Clearly if the value of a limit is found the limit must exist, should it not?

Answer 4

Wait wrong question.

Answer 5

@dumbcow

Answer 6

This is the correct question.

Answer 7

oh shoot, haha i was wondering how the heck 1 was answer to first one

Answer 8

Haha xD .

Answer 9

Just let f(x) = x+1

Answer 10

Why?

Answer 11

@geerky42

Answer 12

Question got cut off. It should say "except perhaps at x=0" .

Answer 13

I'm confused about first sentence part, so i could be wrong...

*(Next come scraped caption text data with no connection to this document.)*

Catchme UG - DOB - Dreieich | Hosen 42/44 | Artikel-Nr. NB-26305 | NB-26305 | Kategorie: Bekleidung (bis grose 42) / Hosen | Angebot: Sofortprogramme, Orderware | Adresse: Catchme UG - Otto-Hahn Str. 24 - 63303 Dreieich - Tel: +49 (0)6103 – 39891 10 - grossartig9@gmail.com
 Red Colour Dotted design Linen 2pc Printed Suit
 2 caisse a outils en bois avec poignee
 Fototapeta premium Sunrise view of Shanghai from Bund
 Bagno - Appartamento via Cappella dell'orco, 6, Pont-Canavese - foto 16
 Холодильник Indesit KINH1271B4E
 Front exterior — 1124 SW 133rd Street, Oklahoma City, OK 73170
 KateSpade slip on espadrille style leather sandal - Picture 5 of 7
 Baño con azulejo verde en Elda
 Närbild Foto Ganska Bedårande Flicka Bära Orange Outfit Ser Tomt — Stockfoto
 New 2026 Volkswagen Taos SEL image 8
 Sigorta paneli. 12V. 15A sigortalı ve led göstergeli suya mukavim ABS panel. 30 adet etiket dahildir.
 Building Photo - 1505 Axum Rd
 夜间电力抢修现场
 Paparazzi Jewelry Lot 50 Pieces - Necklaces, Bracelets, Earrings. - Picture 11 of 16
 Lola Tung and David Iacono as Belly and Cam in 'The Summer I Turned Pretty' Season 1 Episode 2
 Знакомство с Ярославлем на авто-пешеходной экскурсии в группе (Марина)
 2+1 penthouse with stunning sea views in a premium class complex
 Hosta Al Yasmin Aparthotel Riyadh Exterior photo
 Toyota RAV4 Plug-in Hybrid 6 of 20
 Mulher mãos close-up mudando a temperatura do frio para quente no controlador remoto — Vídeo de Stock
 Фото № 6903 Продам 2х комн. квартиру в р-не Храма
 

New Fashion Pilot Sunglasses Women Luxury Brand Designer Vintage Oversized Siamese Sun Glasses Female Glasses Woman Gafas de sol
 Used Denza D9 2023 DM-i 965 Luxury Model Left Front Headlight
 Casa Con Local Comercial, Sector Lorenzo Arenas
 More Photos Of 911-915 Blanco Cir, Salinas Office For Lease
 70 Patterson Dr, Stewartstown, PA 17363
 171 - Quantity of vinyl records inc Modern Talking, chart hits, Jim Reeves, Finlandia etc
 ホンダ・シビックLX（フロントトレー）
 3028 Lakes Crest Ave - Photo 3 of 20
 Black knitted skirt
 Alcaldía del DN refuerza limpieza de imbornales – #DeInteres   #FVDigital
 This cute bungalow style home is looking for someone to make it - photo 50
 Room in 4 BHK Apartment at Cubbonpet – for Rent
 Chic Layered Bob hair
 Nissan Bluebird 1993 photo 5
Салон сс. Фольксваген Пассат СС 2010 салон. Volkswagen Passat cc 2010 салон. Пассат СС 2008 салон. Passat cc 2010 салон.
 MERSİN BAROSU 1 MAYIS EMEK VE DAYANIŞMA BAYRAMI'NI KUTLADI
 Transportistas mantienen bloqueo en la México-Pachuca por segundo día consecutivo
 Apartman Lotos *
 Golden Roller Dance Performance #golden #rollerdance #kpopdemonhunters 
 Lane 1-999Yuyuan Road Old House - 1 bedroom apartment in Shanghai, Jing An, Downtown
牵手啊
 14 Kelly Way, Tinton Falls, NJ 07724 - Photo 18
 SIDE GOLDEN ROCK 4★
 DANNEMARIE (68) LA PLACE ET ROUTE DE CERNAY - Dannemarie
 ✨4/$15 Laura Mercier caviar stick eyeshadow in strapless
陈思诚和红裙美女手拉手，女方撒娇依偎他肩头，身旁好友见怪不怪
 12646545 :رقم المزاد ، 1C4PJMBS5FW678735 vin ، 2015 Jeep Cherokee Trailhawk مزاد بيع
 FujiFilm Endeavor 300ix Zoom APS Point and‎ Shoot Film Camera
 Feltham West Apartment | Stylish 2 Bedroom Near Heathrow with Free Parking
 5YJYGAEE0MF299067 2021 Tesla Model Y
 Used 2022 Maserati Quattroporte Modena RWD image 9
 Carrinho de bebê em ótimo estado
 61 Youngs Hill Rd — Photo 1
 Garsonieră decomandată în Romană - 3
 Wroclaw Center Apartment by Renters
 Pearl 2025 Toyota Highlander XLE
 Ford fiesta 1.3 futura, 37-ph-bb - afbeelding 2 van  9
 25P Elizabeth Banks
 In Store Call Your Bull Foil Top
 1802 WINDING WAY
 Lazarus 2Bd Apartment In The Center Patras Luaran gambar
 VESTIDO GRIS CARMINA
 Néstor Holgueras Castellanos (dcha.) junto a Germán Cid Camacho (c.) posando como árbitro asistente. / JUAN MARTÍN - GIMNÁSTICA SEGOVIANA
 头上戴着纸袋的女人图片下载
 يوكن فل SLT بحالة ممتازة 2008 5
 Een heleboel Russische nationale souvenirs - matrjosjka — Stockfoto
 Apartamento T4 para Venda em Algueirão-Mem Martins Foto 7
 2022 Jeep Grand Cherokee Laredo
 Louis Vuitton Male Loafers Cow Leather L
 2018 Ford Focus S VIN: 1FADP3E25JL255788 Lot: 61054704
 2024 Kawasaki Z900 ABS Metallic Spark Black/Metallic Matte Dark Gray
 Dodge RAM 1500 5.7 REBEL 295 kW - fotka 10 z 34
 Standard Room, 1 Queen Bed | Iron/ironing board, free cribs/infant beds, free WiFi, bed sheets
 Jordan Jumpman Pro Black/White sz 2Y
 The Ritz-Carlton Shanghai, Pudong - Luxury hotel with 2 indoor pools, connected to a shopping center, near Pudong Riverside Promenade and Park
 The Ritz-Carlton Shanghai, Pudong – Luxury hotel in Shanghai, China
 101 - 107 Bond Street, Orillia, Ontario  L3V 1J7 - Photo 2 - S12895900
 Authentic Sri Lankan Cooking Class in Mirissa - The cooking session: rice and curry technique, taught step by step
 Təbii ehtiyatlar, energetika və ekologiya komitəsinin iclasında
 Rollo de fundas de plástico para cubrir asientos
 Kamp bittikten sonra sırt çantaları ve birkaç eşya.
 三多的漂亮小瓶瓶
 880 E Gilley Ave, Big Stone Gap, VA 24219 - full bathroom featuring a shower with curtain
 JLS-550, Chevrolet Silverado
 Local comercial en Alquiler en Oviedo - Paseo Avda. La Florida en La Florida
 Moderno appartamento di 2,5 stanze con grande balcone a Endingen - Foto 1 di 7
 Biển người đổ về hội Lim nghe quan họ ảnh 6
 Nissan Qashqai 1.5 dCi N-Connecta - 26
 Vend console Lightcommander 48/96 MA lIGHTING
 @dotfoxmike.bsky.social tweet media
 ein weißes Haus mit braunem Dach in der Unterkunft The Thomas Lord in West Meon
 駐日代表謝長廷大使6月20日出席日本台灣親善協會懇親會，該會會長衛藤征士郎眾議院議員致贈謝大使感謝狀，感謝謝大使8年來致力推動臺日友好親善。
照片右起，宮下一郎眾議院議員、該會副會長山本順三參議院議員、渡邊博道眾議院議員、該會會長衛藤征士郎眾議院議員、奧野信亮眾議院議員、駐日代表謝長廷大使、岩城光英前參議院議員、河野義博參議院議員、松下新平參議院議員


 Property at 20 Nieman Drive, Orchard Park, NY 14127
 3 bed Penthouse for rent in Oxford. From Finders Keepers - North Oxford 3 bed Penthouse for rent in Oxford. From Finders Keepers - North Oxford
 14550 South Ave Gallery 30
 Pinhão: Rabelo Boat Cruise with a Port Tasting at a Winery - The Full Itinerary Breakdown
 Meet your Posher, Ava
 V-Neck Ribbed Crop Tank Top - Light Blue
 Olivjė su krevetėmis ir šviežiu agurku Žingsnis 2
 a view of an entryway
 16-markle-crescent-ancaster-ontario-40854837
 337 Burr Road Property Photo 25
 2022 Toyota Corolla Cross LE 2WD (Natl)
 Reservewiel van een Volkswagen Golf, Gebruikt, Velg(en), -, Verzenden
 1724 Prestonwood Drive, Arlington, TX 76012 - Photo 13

But with f(x) = x+1, one can show that \(\displaystyle \lim_{x\rightarrow0}\left(f(x)+\dfrac{1}{f(x)}\right) \\= \displaystyle\lim_{x\rightarrow0}\left((x+1)+\dfrac{1}{x+1}\right)\\=0+1+\dfrac{1}{0+1}\\=1+1=2\)

f(x) = x+1 satisfies it.
Then you can show that \(\lim_{x\rightarrow0}x+1=\boxed{1}\)

Answer 14

But why x+1? Why not like... x+2?

Answer 15

How could you prove that f(x)=x+1 though? Just because it is one such function that satisfies the properties doesn't mean f must be that function.

Answer 16

well, I am wrong, lesson learned.

Answer 17

im not sure on this one either, as long as f(x) is continuous, then the limit should exist

Answer 18

It doesn't give us that f is continuous either >.<

Answer 19

@geerky42 , you are not wrong but f(x) could be anything as long as f(0) = 1

Answer 20

Basically just need to show that \(\lim_{x\rightarrow1}f(x)=1\) is true for ALL functions that satisfy \(\lim_{x\rightarrow0}\left(f(x)+\dfrac{1}{f(x)}\right)=2\)

That pellet is hard.

Answer 21

No kidding :P .

Answer 22

The only thing I've been able to show so far is that: $$\lim_{x\rightarrow 0}\left(f(x)^k+\frac{1}{f(x)^k}\right)=2$$for any natural number k. Note sure of that helps or not.

Answer 23

Not*

Answer 24

A few people said squaring both sides and taking a root? Not sure how that would help...

Answer 25

is this for pre-calc ?

Answer 26

It's Calc I.

Answer 27

I'm outta here. Not capable enough to help lol...

Answer 28

Thanks for trying :) .

Answer 29

have you been using the epsilon/delta definition for limits in class?

Answer 30

Yes but it's actually not part of the curriculum. Like we wont ever use it in the course. Mind you I'm past Calc I. This is for a friend.

Answer 31

I've done Calc I, II and III and Differential equations. Taking complex analysis atm.

Answer 32

oh ok , i hated that stuff but i thought maybe thats what they wanted you to show here

anyway just prove that value of limit is 1 and it must exist otherwise the other limit which equals 2 would not exist

Answer 33

But that's exactly what I can't show :P . How would I do that? xD .

Answer 34

Cuz apparantly what he did previously isn't right.

Answer 35

http://openstudy.com/users/dido525#/updates/542390b4e4b0b55e70f229b5

Answer 36

hold on i didn't look at that yet

Answer 37

seems correct to me

Answer 38

But apparently my friend's professor said that's not valid because we haven't shown the limit exists.

Answer 39

Its not. He didn't show that the limit exists. So his steps after are invalid. If the limit existed, then he would be able to solve the equation y+ 1/y=2

Answer 40

But how could we even show that? :/ .

Answer 41

The only idea I can think of involves writing f(x) cleverly as a sum or product of things that have limits we know.

Answer 42

People said square both sides. I'm not sure how that helps...

Answer 43

\[\lim_{x \rightarrow 0}(f(x) + \frac{1}{f(x)}) = \lim_{x \rightarrow 0}f(x)+\frac{1}{\lim_{x \rightarrow 0}f(x)} = 2\]
If
lim f(x) does not exist, then statement above is not true

Answer 44

You would only be able to split the lim like that if the limit existed. There are plenty of functions and sequences that dont have limits, but if you add them you get a limit. For example: $$x_n=n,y_n=1-n.$$ Individually, they have no limit as n goes to infinity, but $$x_n+y_n=1,$$ so the limit of x_n+y_n is 1 as n goes to infinity.

Answer 45

We are trying to show if f(x)+1/f(x) does indeed have a limit, that something like what I gave an example of is not possible.